La scénographie, installation du collectif 1024 Architecture, s’organise comme une rue de 50 mètres de long, bornée par des échafaudages, lumineuse, cinétique, sonorisée des bruits des habitants des lieux éphémères. Sur cette autoroute (que l’on peut emprunter sans rien voir), se greffe, des deux côtés, un labyrinthe d’images qui prennent la tangente, des arrêts d’urgences, des aires de repos et des petits camps de toutes sortes. Ainsi, pour les nomades, on passe des huttes de la tribu des Arborés en Éthiopie aux yourtes d’Oulan Bator, en Mongolie.
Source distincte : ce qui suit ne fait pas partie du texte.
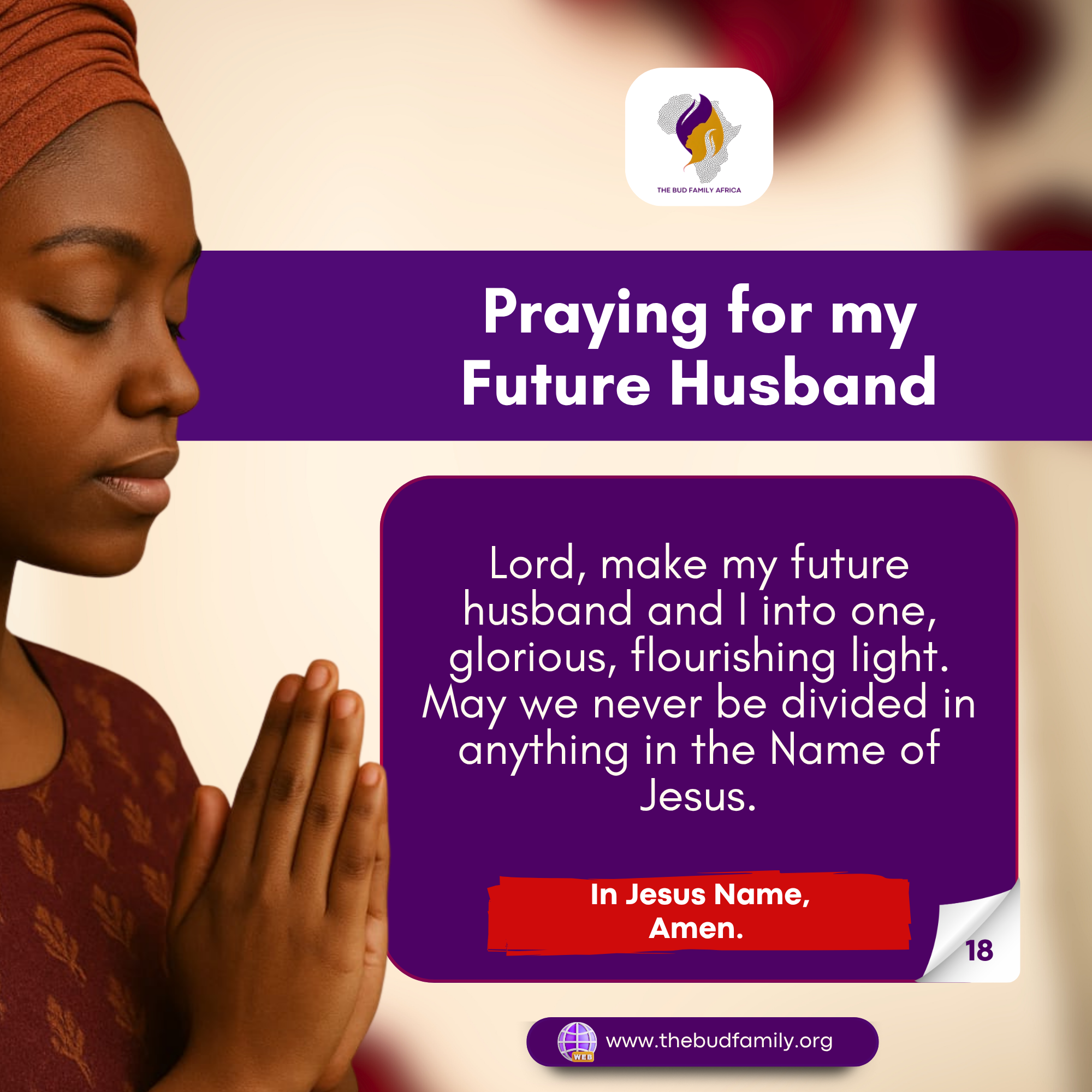 PRAYING FOR MY FUTURE HUSBAND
Sur les traces des voyageurs, se succèdent le camping joyeux du festival de Glastonbury en Angleterre, les villages de tentes et de cahutes de la Kumbh Mela, à Allahabad, en Inde. Ou les hallucinants parcs de mobile homes américains, si graphiques vus de ciel.
En entrant dans la vie des infortunés, on bascule dans une toute autre réalité, plus démunie : on retrouve là différents bidonvilles de Roms, les sous-sols glauques de Pékin, mais aussi le village de l’espoir à Ivry-sur-Seine ; et les centres de détention des sans-papiers et migrants de Lesbos, Tenerife, Lampedusa. Les exilés sont suivis dans les gigantesques regroupements de Mungunga au Congo ou de Khazr en Irak. Du côté des conquérants – militaires, territoriaux, capitalistes et scientifiques – règnent technologies et logistiques. Se cognent les bases militaires en Afghanistan, et les camps de travailleurs exploités par les mégalopoles orientales, à Al-Khor au Qatar par exemple. Et voici les contestataires, d’un squat à Brighton à Londres aux tentes de la place Tahir du Caire occupée en 2011. Ou encore les parapluies à Hong Kong en 2014. Manque la place de la République à Paris, agora trop récente, qui chaque jour reconstitue son bivouac citoyen.
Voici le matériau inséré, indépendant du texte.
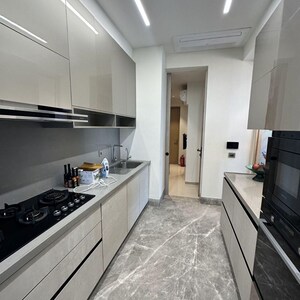 Kitchen in 3 BHK Apartment at Lodha The World Towers World One Tier 2, Empire Mill – for Rent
On pourrait être surpris de voir cohabiter yachts de luxe choisis et abris de fortune subis. Pas de misérabilisme ici, cela permet seulement de réaliser que la frontière entre la vie aisée et la rue violente est si fragile, surtout pour les victimes de guerres, de catastrophes ou de la crise économique. Cette exposition n’est pas seulement un listing complet, esthétique ou tragique, des campements, elle nous incite à observer. À regarder autrement les bidonvilles internationaux, qui sont toujours “habités” par des hommes, des femmes et des enfants, non invisibles, organisés même dans l’urgence, avec des équipements, des écoles, des places, des lieux de culte et de rencontres. Pour en tirer des leçons, imaginer comment on pourrait sécuriser certains campements, sans les détruire, non pas pour pérenniser la misère mais pour construire des petites cités décentes. Puisque délogés, ces habitants échoués ou exclus, n’ont pas le choix, ils se regrouperont un peu plus loin. Pour qu’ils redeviennent acteurs avec leurs bagages multiculturels. Ces campements de toutes sortes peuvent être aussi instructifs pour réinventer l’habitat social, pour le partage, pour le réemploi des matériaux.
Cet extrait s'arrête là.